Hillhead Revisited
In the lightest of February snow
I saw a younger brother, watched him go
along Great Western, into Byers Road
and climb up to a dingy roof-abode.
He lived under the sky in a high room
and fought with demons. There was none from whom
his mind could drag relief, no man, no woman.
He struggled to be free, an embryo human
near dead at birth, unintelligibly curled
within a nightmare of the harsh-mothering world.
He raved of poetry, of philosophy,
of impulse and of insight, as if he
were gifted to become a pen of light.
I watched him lose his reason, fall and fight
the furniture; I saw him tiptoe out
into the terror of day, a brainless shout
of atom-people in street and shop and station . . .
and start to speak, to lose his separation.
I saw him sit the day long in room-shadow
waiting for no-one, nothing, waiting for Godot,
waiting, perhaps, for me to come and see him
from twenty-one years back, who used to be him.
“Brother of shadows, eclipsed in a high room,”

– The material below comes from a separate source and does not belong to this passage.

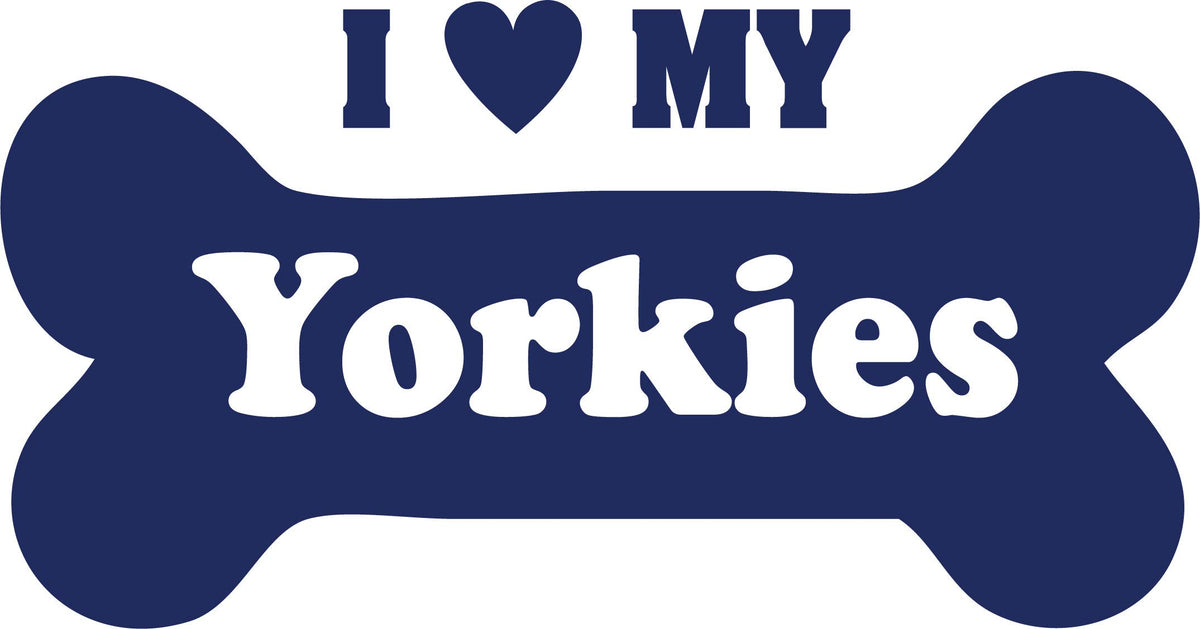 Decaltor I Love My Yorkies Vinyl Decal for Car Window Laptop, 5 in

I said, “out of the future’s light or gloom
I come as one more normal, more involved
with – ” “Stop! you think I want some problem solved?”
he jeered, “some way out, some ‘young persons’ shelter’ – ?
You nose in, whinnying like a village elder –
you’re more lugubrious than I’ll ever ne!”
He broke off and looked ponderingly at me,
“And do the demons still squat on your shoulder
and monkey your face round? or do they grow older,
become more normal?” he shouted. “What have you written?”
It was as if a demon’s tooth had bitten
my tongue, my jaw shot wide, my mind was empty
of all but pain. He said, “At two-and-twenty
I ask too much, too wrong.” I shook my head.
“Ask, ask,” I whispered, “the pain says I’m not dead.”
Our eyes met, and we talked of those we knew –
some now had died indeed – of what was new
in his time and in my new world – the signs
of change in types of art – and of some lines
of verse of each. I told him of my job.
He seemed amused. I said he was a snob.
He said that would not change. Outside it snowed.
I found myself adrift down Byres Road,
and then in Saughiehall and George’s Square,
St. Enoch Station and veered round from there,
up Hope, St. Vincent – till I stopped, alone.
While walking I had learnt what it had shown,
that strange encounter with a young self-sibling.
My family, my teaching and my scribbling
were no defence against a demon shrieking
“Why? What? Where? When?” At first when he was speaking
and I had seen his hurt (and felt some pain)
I heard a question of existence plain –
but very soon, as pain began to dim,
I talked more with my now-self than with him.
The city’s roads are still the same as when
I took a high nook in a tenement-den
and beat my brains out on an answerless question.
The traffic (in its ceaseless auto-suggestion)
moves with the times – but the lines laid down
change little, if at all. I trod the town
at forty-three, without a map . . . and knew
the plan had not changed much since twenty-two.
“Speak to me brother!” but I sense the riddance
at last within me, of that young-man cadence.
It will not need to find me out again,
that blinding question, that chaotic brain,
that senseless strength, that sun eclipsed in night,
that demon taking up his pen of light.
It came for good, and it has gone for good.
It was my origin of adulthood,
now re-discovered on my coming here.
The high room was my birth-place and my bier.
From that exaggeration came a leaning,
a bent to write, that gave the years a meaning,
though hardly answering that cry, that gleam
that broke through snow . . . and now is back in dream.